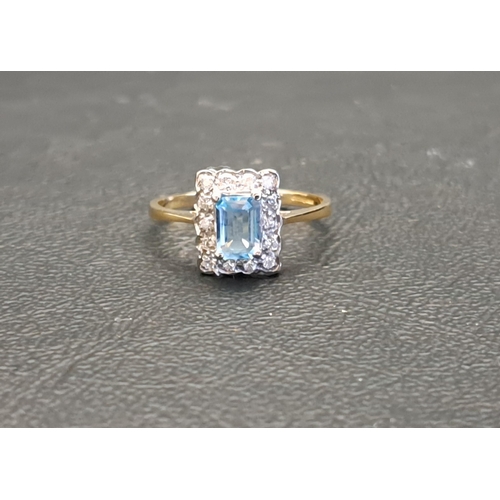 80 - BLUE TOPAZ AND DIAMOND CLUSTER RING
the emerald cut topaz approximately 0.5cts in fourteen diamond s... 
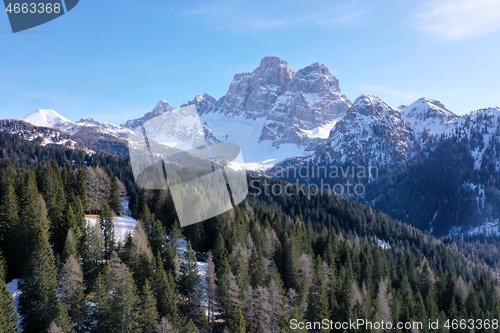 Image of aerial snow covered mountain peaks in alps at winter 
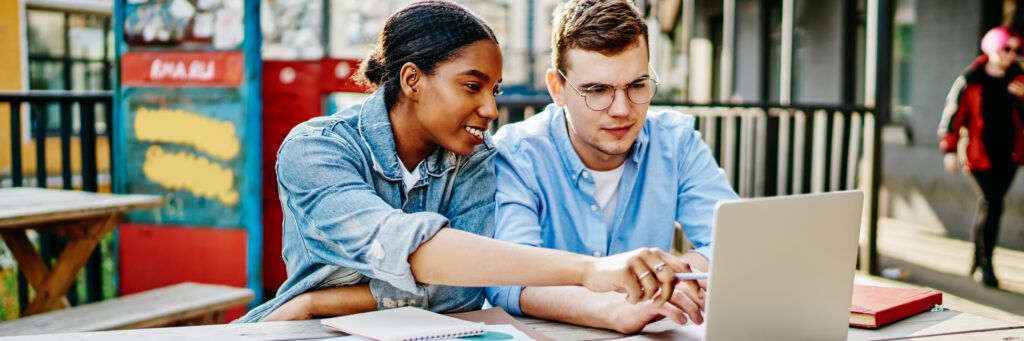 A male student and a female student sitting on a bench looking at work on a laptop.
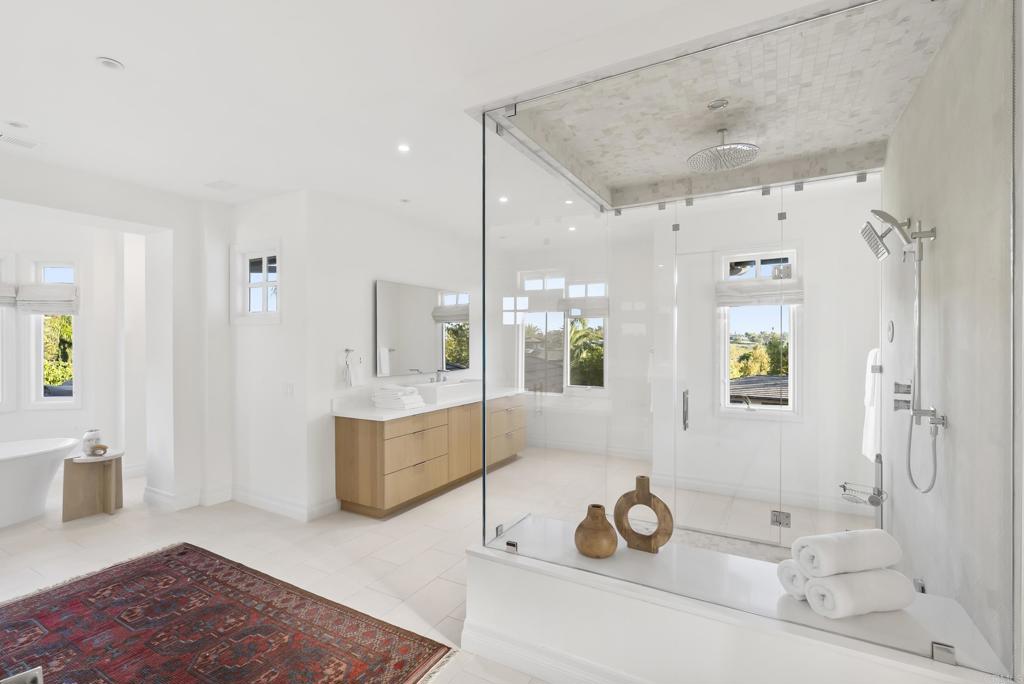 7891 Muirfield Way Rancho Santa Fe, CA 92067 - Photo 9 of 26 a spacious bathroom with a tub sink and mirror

-*-*-

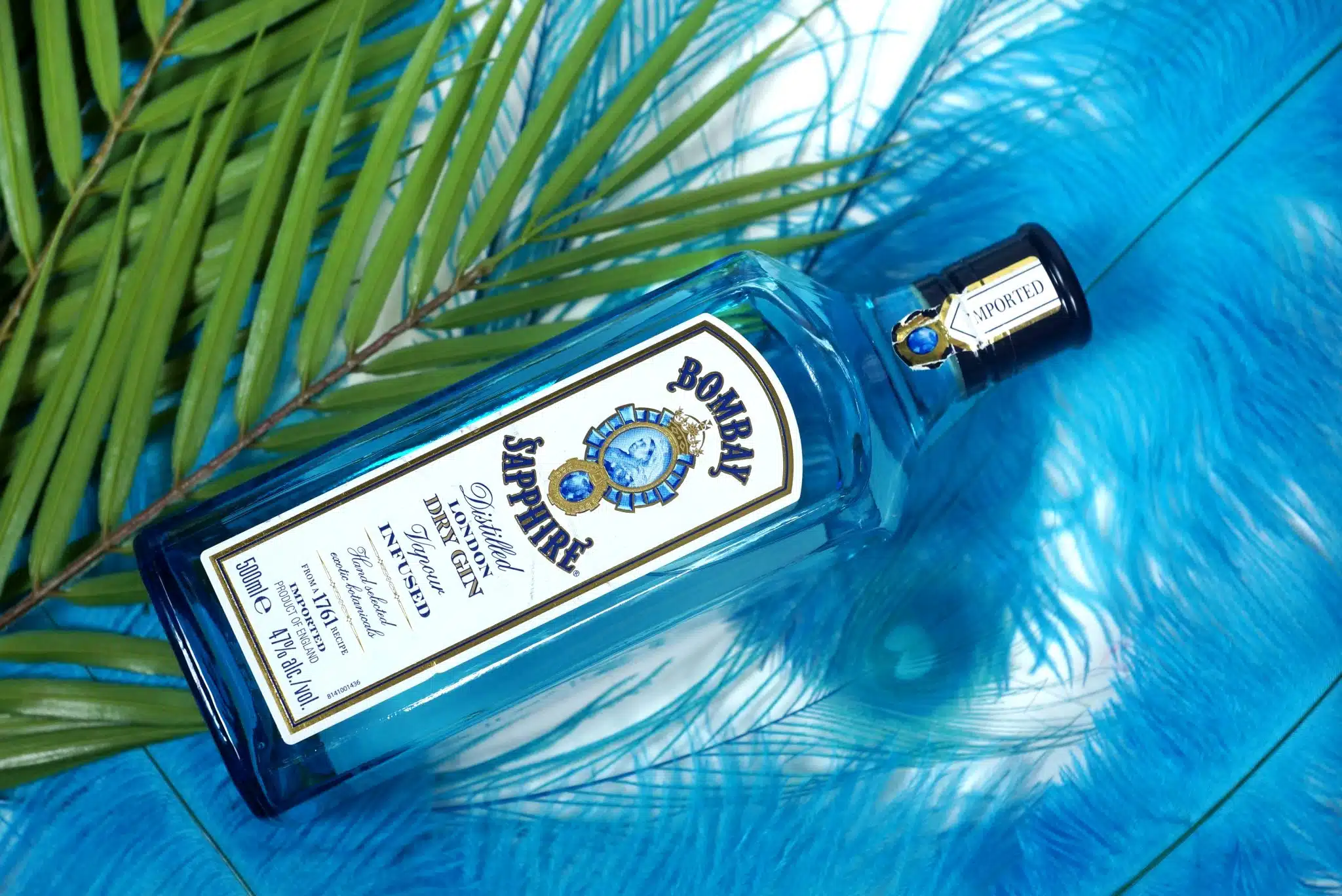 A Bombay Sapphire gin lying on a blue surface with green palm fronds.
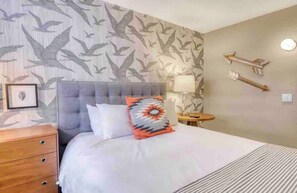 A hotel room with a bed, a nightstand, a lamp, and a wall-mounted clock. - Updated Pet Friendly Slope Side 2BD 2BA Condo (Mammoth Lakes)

-*-*-

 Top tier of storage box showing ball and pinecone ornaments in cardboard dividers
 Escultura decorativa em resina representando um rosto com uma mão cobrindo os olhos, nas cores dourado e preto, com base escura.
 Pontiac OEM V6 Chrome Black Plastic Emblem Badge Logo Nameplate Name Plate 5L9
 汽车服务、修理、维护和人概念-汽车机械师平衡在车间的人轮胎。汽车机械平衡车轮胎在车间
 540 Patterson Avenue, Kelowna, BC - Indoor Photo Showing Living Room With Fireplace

-*-*-

Reproduce exactly the lines of the records above from the one with "汽车服务、修理、维护和人概念" to the one with "540 Patterson Avenue, Kelowna, BC", both included, and leave out everything else.

 汽车服务、修理、维护和人概念-汽车机械师平衡在车间的人轮胎。汽车机械平衡车轮胎在车间
 540 Patterson Avenue, Kelowna, BC - Indoor Photo Showing Living Room With Fireplace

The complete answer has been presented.